# The Midlands Breakfast Club meet



## DAZTTC (May 20, 2005)

Its the first one of the summer so should be a good one.Its this Sunday anyone fancy it i will be leaving the wife to have a nice lie-in :wink: While i look at a lot of nice cars and enjoy a bacon role and cup of tea 

http://www.midlandsbreakfastclub.co.uk/

So will you join me ?

DAZ 8)


----------



## VSPURS (Aug 31, 2008)

DAZTTC said:


> Its the first one of the summer so should be a good one.Its this Sunday anyone fancy it i will be leaving the wife to have a nice lie-in :wink: While i look at a lot of nice cars and enjoy a bacon role and cup of tea
> 
> http://www.midlandsbreakfastclub.co.uk/
> 
> ...


What time?

Start! Finish!


----------



## DAZTTC (May 20, 2005)

starts at 09:00 till middayish i normally go for 10ish for 1 1/2 - 2hrs.

DAZ


----------



## VSPURS (Aug 31, 2008)

DAZTTC said:


> starts at 09:00 till middayish i normally go for 10ish for 1 1/2 - 2hrs.
> 
> DAZ


I might go early, as i've plans for later!


----------



## DAZTTC (May 20, 2005)

Would not mind going for 9:00 mate there's a lay-by just off the A41 island meet there if you like.

DAZ


----------



## VSPURS (Aug 31, 2008)

DAZTTC said:


> Would not mind going for 9:00 mate there's a lay-by just off the A41 island meet there if you like.
> 
> DAZ


I'll let you know tomorrow, but that should be fine!


----------



## DAZTTC (May 20, 2005)

Ok [smiley=thumbsup.gif]


----------



## VSPURS (Aug 31, 2008)

DAZTTC said:


> Ok [smiley=thumbsup.gif]


Ok, i'll meet you at 9am then! Sorted! :roll:


----------



## Hark (Aug 23, 2007)

Not here, on hols. All decent shows clashing with hols. [smiley=bomb.gif]


----------



## Redscouse (Sep 30, 2008)

Didnt know it was this Sunday, grrrrr im booked for overtime at work. Although i could always give that a miss :? :?

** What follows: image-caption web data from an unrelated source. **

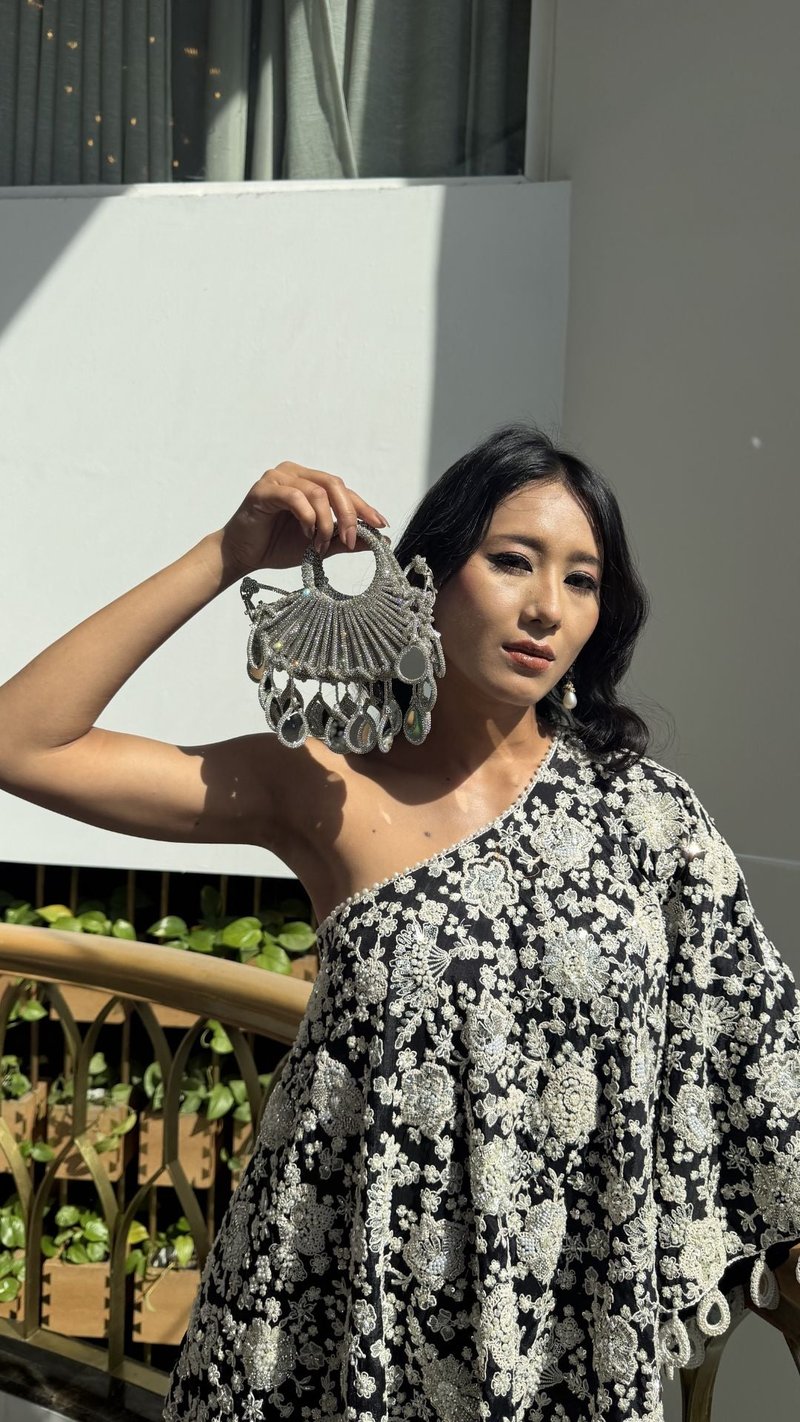 Lumi Knot Mini Mirror Bag - Silver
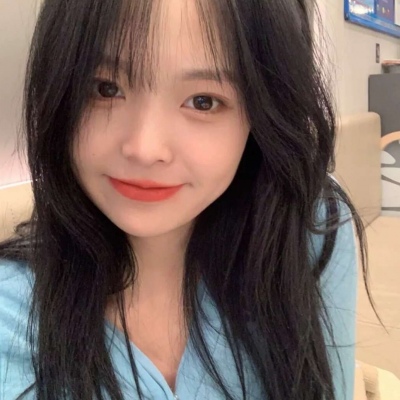 2025女生头像御姐高清图片
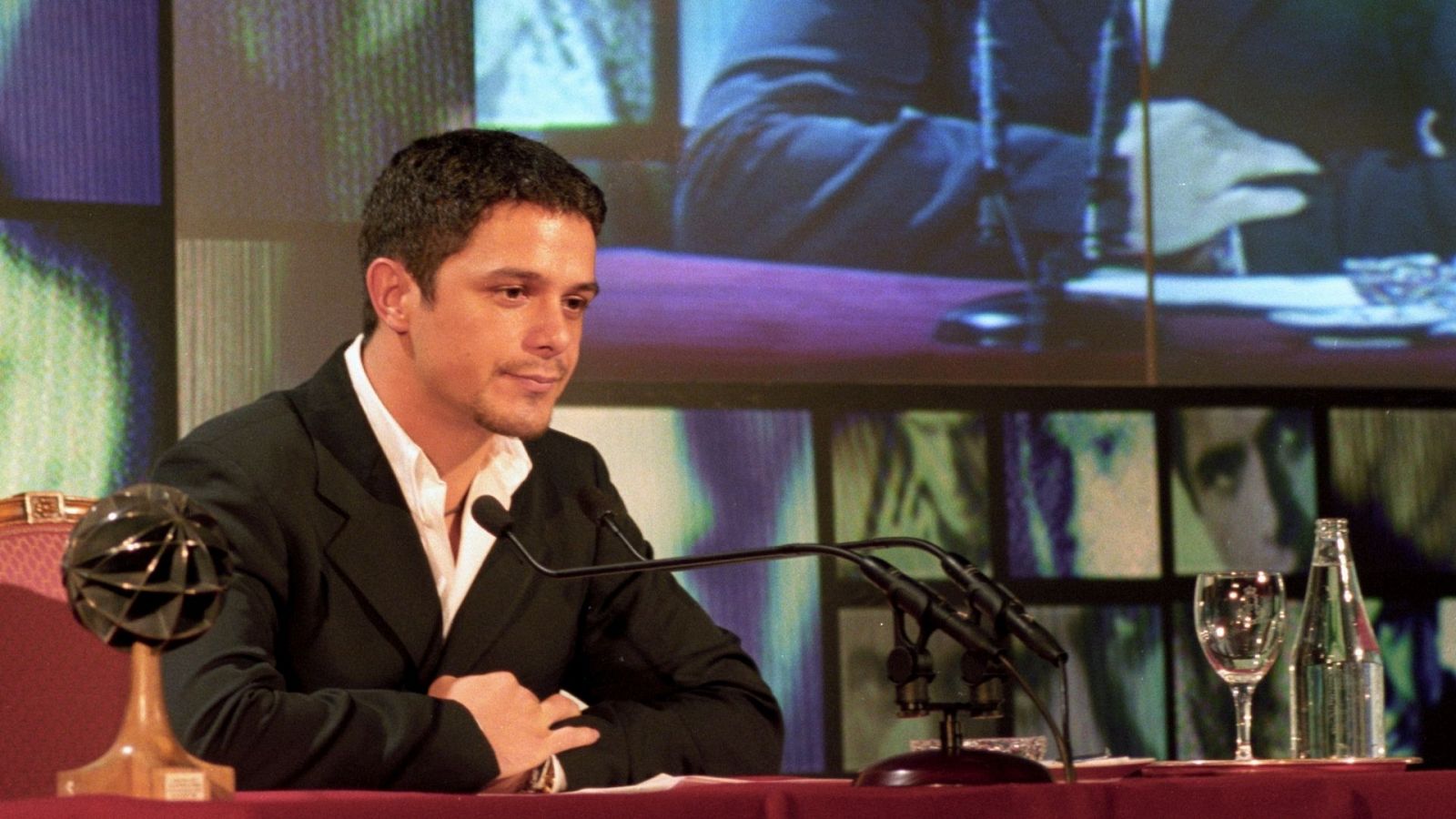 No es un día cualquiera - Los inicios de Alejandro Sanz - Escuchar ahora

I'll let you know as i missed the one earlier in the year!


----------



## DAZTTC (May 20, 2005)

Redscouse said:


> Didnt know it was this Sunday, grrrrr im booked for overtime at work. Although i could always give that a miss :? :?
> 
> I'll let you know as i missed the one earlier in the year!


You don't need over time you get sooooo much more MPG :wink:

Matt sorry mate i forgot you were on your hols next time bud.

DAZ


----------



## VSPURS (Aug 31, 2008)

Daz,

So where am I meeting you then and what time!?

8)

Earlier the better for me!


----------



## DAZTTC (May 20, 2005)

There's a lay-by just off J3 of the M54 on the A41 Newport Rd. What time you won't to meet there mate Paul you could meet us there if you bud.

DAZ


----------



## stevebeechTA (May 16, 2009)

looks like fun, although i cant make this one will go to the next if any one is going


----------



## southTT (Feb 5, 2008)

DAZTTC said:


> Its the first one of the summer so should be a good one.Its this Sunday anyone fancy it i will be leaving the wife to have a nice lie-in :wink: While i look at a lot of nice cars and enjoy a bacon role and cup of tea
> 
> http://www.midlandsbreakfastclub.co.uk/
> 
> ...


Would of loved to come to this,but can't bloody make it :x 
cheers
jon


----------



## VSPURS (Aug 31, 2008)

Just me and you then Daz!!


----------



## DAZTTC (May 20, 2005)

If the weather is c*** i will drop you a txt mate no point walking around in the rain hope its a nice day


----------



## Redscouse (Sep 30, 2008)

Im not turning down the overtime guys, i do need the money.... honest :lol:

Im gonna have to fill the car up for the 5th time this year, you know i need the funds for that 

Sorry, hope you have a good day, ill have to wait until next year now


----------



## forest (Mar 17, 2009)

I was thinking of tagging along and having a look at this guys, if that's ok, although I assume you are hoping it's dry ish


----------



## DAZTTC (May 20, 2005)

OK Paul there's one every month may be the next one. 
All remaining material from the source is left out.